Task description:
Write out only the lines from the line containing "If you're using" to the end of the listing below, both included, exactly as they stand. Drop the pictures.

Stored data:
=== Begin Enclosure ===

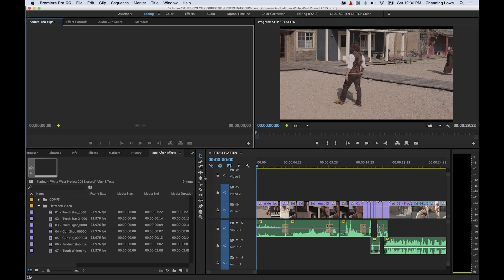In this episode I'm continuing the toolbar. We're going to be covering the ripple edit tool and the roll edit tool. I'm going to go through the difference between a ripple and roll, which are very common tools for professional editing.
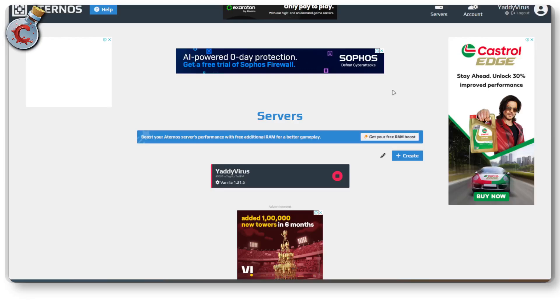If you're using Aternos to run Minecraft servers and want to update it to the next one, it's going to be really easy.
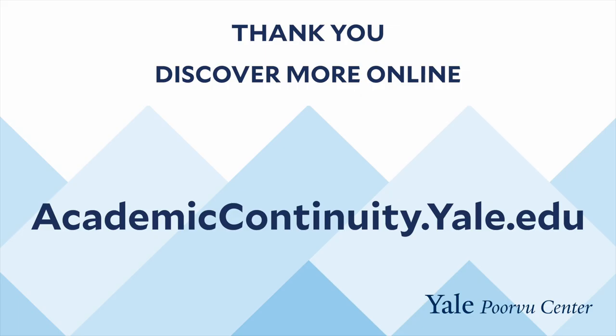Thank you for watching and listening. The Poorvu Center has developed a library of digital recordings and resources, so we encourage you to search for other helpful information on our website.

=== End Enclosure ===

The answer:
If you're using Aternos to run Minecraft servers and want to update it to the next one, it's going to be really easy.
Thank you for watching and listening. The Poorvu Center has developed a library of digital recordings and resources, so we encourage you to search for other helpful information on our website.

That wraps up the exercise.